Documents use checkboxes to make our life easier. They are particularly prevalent on structured forms. It gives the person filling out the form the ability to just check a box next to a series of options rather than typing in the information.

However, most of Grooper's extraction centers around regular expression, matching text patterns and returning the result. There isn't necessarily a character to match a checked checkbox. Regular expression isn't going to cut it to determine if a box is checked or not.

This is where OMR comes into play. OMR stands for "Optical Mark Recognition". OMR determines checkbox states. The basic idea behind it is very simple. First find a box. A box is just four lines connected to each other in a square-like fashion. If that box has a mark of some kind inside it, it is checked. If not, it's not. Checked (or marked) boxes, whether a checked "x" (), a checkmark (), or a check block (), while have more black pixels inside the box than an unchecked (or unmarked) one (). If the detected box has a high threshold of black pixels in it, it's checked (or marked). If not, it's unchecked (or unmarked).

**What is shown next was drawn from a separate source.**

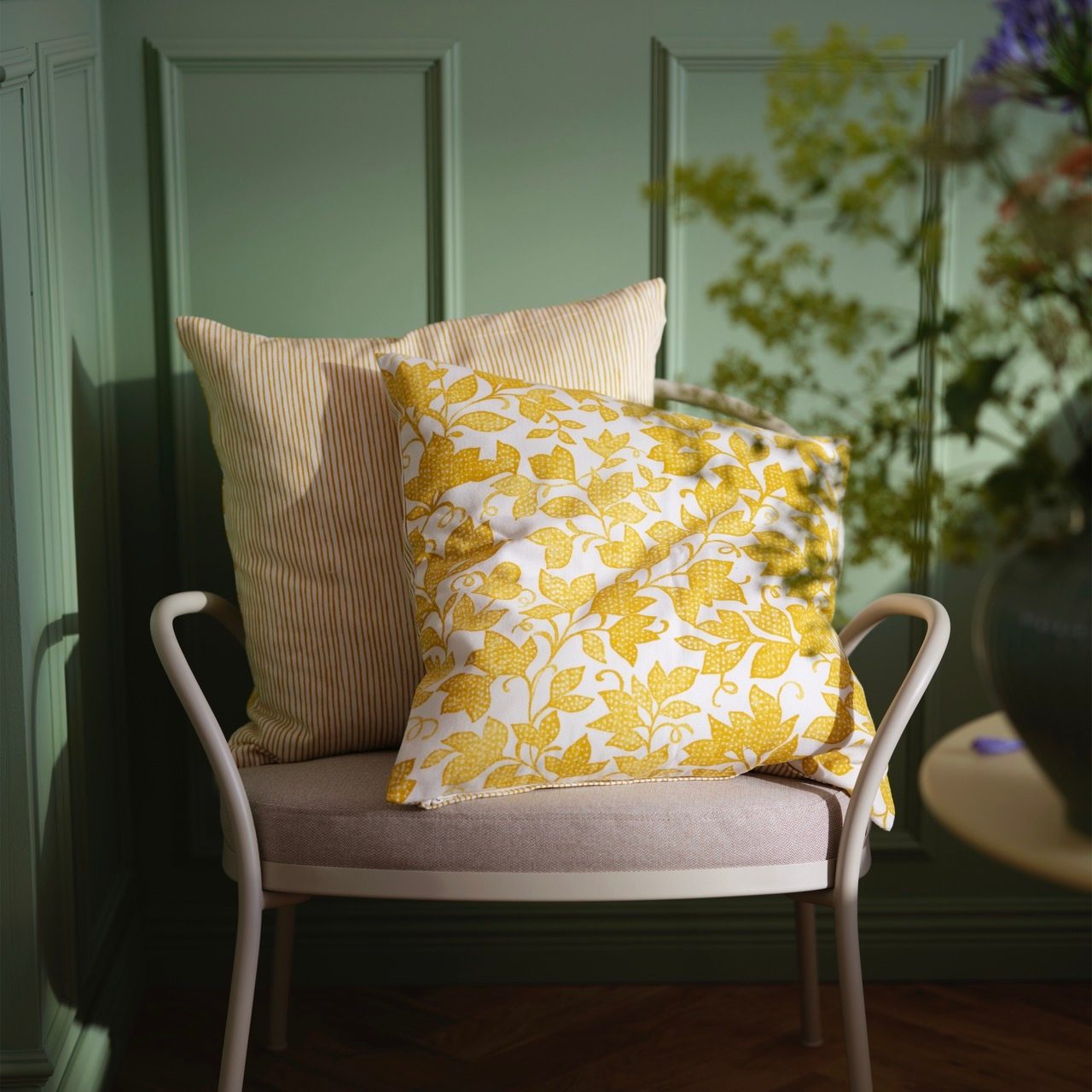 Two yellow patterned cushions on a beige chair, against a green paneled wall with sunlight.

A simple example would be a document asking a question and giving two boxes to check “Yes” or “No.” For example, see the portion of the document below asking if the applicant is a U.S. Citizen. “Yes” or “No” would be the labels. Either “Yes” or “No” would be the field's final result, depending on which box is checked.  In this case, "Yes".

In general, what you want to extract is the text of the checked label. The Labeled OMR extractor allows you to do just that.

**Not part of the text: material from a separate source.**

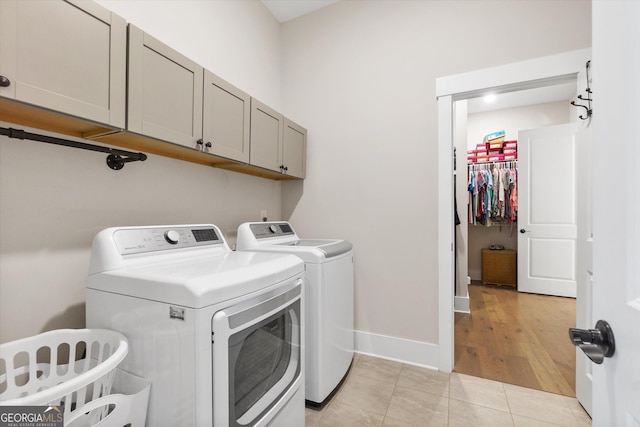 432 Horizon Trl, Canton, GA 30114 - laundry room with cabinet space, washing machine and dryer, light tile patterned floors, and baseboards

First, you will set up an extractor to locate the text labels.

Then, Grooper's OMR detection will determine if there is a box next to the label, and whether or not that box is checked.

Last, if the label is checked, the label is returned as the extractor's result.

FYI

Labeled OMR has multiple extraction modes depending on how checkboxes behave on the document. There is also a Boolean mode to simply output "True" or "False" if a single checkbox is checked or not. We will discuss the different extraction modes further in the #How To section of this article.

How To

Assign the Extractor

The Labeled OMR extractor can be utilized in two ways:

  1. As a Value Reader's extractor type.
  2. As an object's extractor property configuration. For example:
    • As a Data Field's Value Extractor property's extractor configuration.
    • As a Data Type's Local Extractor property's extractor configuration.
    • As a Document Type's Positive Extractor property's extractor configuration.
    • And more!

Value Reader

The Labeled OMR extractor is one of the extractor types available to the Value Reader extractor object.

  1. This is a Value Reader object.
  2. For its Extractor Type property, Labeled OMR is selected.
  3. The Labeled OMR extractor's configuration is set up in this property grid.
  4. This Labeled OMR extractor is configured to determine which box is checked of three options on the document (DOMESTIC, FARM, or SHOW).
  5. The Value Reader returns the label with a checked box next to it (FARM on this document).

Extractor Property

You may also configure a Labeled OMR extractor when configuring an extractor property. Many Grooper objects have some kind of extractor property in their property grids. Labeled OMR is one of the options that can be selected as the extractor type.

For example, Data Field objects have a Value Extractor property, which collects a result when the Data Model is extracted during the Extract activity.

  1. This is a Data Field object.
  2. For its Value Extractor property, Labeled OMR is selected.
  3. The Labeled OMR extractor's configuration is set up in the Value Extractor property's sub-property grid, OR can be configured using the Extractor Editor window by pressing this ellipsis button.
  4. This Labeled OMR extractor is configured to determine which box is checked of three options on the document (DOMESTIC, FARM, or SHOW).
  5. When the Data Field is collected during the Extract activity, the label with a checked box next to it (FARM on this document) is returned.